The Amador Valley parking lot facing Santa Rita Road is slated for reorientation and will lose more than 400 parking spaces for about 4-1/2 months when construction starts in June after school lets out for the summer.
Work is expected to last through October, and neighbors and the Amador Valley community are worried about how a lack of parking will affect their lives during that time. Only about 50 parking spaces for staff will be available on the first day of the 2019-20 school year, according to PUSD.
The idea to use the blacktop area and tennis courts came about as staff looked into using the junior varsity softball field and estimated that the blacktop could potentially accommodate 132 vehicles, according to Olsen.
Around 200 cars could be parked onsite if three tennis courts are used along with the blacktop; six tennis courts and the blacktop could park about 300 vehicles. An estimated $80,000 pricetag would also make refurbishing the tennis courts afterward less expensive than repair costs for the softball field.
Superintendent David Haglund and the trustees liked the idea, but he said the district needs to make sure they can still facilitate games for the girls tennis team at Amador Valley in the fall.
"Whether we're only allowed to use a certain number of tennis courts for this solution depends on whether we can get assistance from the city to use other tennis courts for the girls tournaments," Haglund said. "That's a conversation we have not had yet."
Other ideas like renting space at the Alameda County Fairgrounds parking lot have already been rejected for being too costly and posing liability concerns. Staff are still looking into private busing options and also hiring Bay Area Traffic Solutions to manage traffic.
The city is also considering adding loading and unloading zones on Del Valle and Black avenues.
Expediting construction work was also dismissed by Olsen as "very costly in such a short construction window and would only knock off about two weeks from the final completion date."
Families and neighbors have suggested delaying the project until next year, but Olsen said the district "would need to return approximately $1.14 million in Proposition 39 funds and miss out on savings from the project." PUSD would also owe payment for several contractors and consultants working on the project, and another school would also be affected.

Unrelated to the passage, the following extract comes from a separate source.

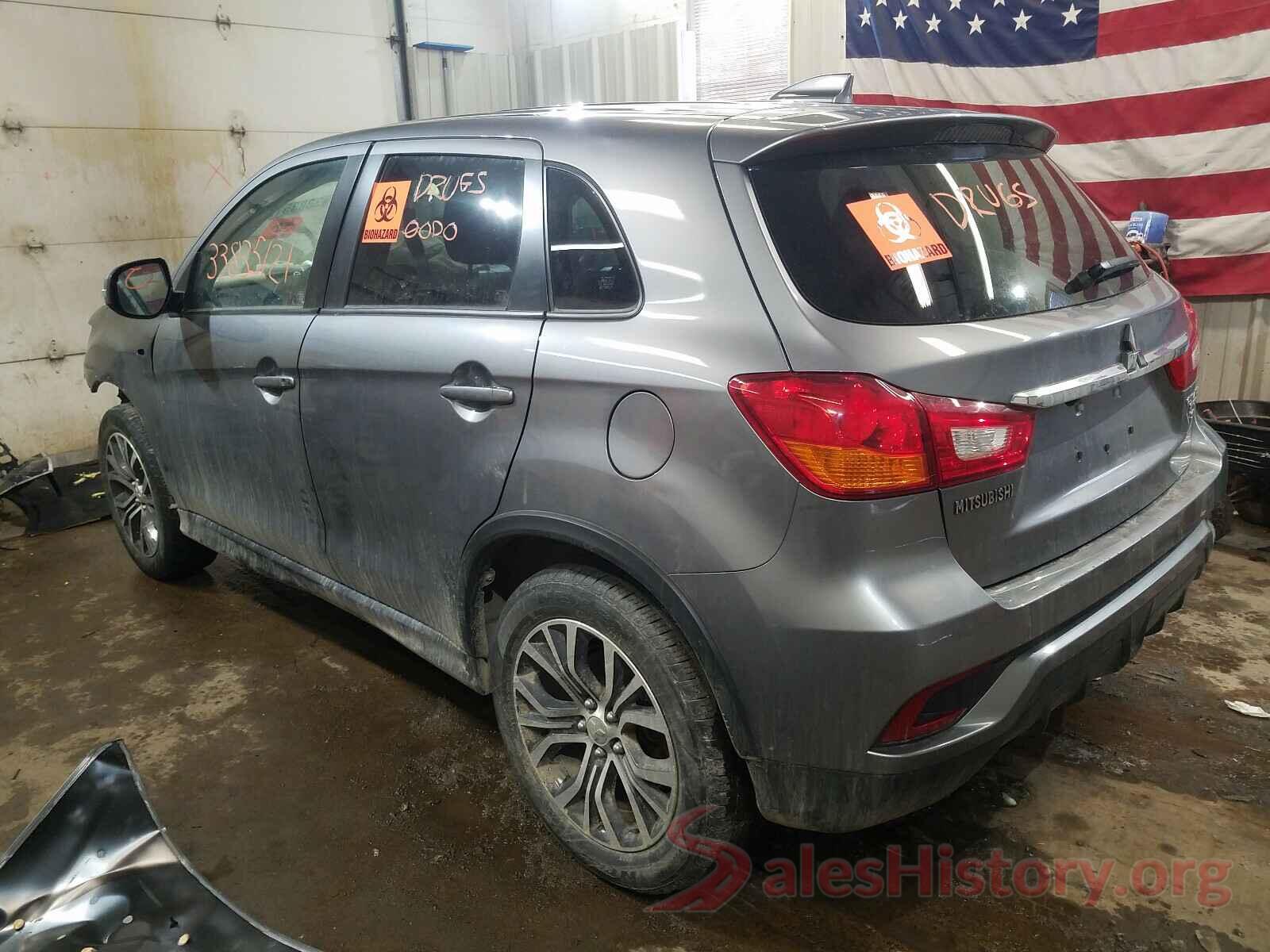 JA4AP4AU8KU024447 2019 MITSUBISHI OUTLANDER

"In order to do HVAC replacement at Pleasanton Middle School, we have to pair it with a more energy efficient project, which is solar," Olsen said, adding that the HVAC and solar panels "balanced out" to the state's energy ratio requirements for receiving the Prop 39 funds.
Trustee Mark Miller came to the meeting ready to recommend canceling the project but said he had second thoughts when Olsen mentioned the HVAC tie-in. "I'm tepid on this right now because it is just really, really a burden on this community," Miller said. "I want to be green but, man, this is hard."

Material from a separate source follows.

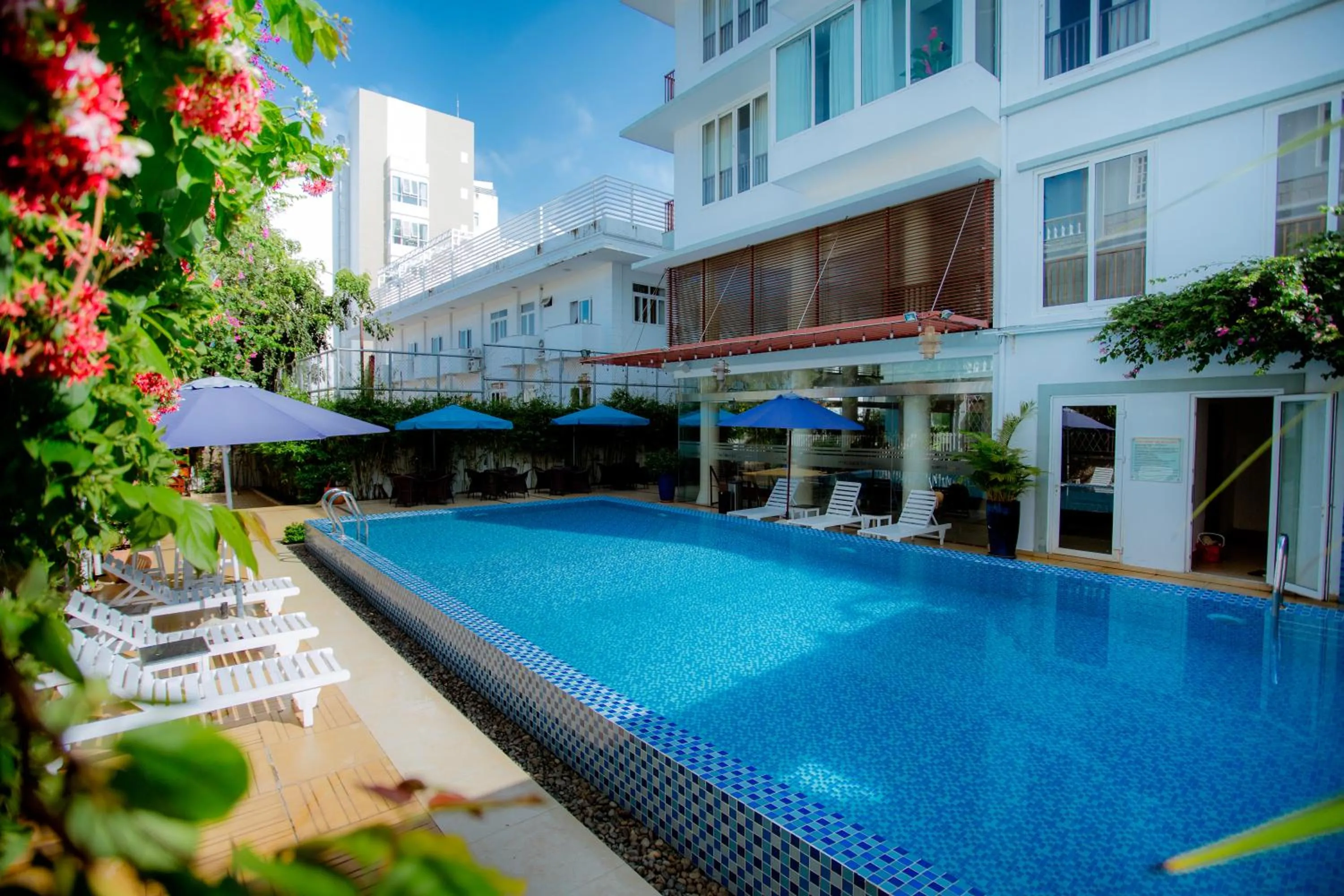 Beach, Property Building in Sea Mountain Boutique Hotel & Villa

Board President Valerie Arkin and Trustee Joan Laursen agreed that abandoning the project over short-term parking problems seemed short-sighted. Arkin and Laursen said they hope parents and students will consider walking, biking or carpooling to school until construction is done.
"It might not be the most convenient option for parents but it is only for two months," Arkin said. "We have some viable alternatives for kids to consider. Hopefully more kids will walk, more kids will bike and more kids will carpool. And that's better for the environment to begin with."

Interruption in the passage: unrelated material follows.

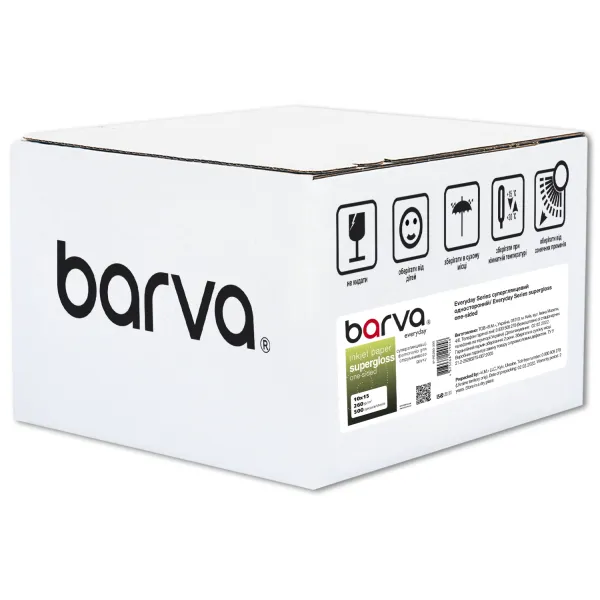 Фотобумага суперглянец 260 г/м2, 10x15 см, 500 л Everyday Barva (IP-RE260-390) - Фото 10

Students could also play an important part in persuading each other to find other ways to school besides driving.
"I'm hoping the leadership of students on campus will provide that little bit of peer pressure that will say ... 'We're doing our part for the good of the school,'" Laursen said. "I'm hoping there's going to be some of that energy among the peers. That will help ease the pain for the two months."
The district estimates that approximately $1.8 million in energy costs will be saved over the 25-year lifespan of the solar panel structure, while also enhancing pedestrian safety, providing covered parking and reducing the school's carbon footprint.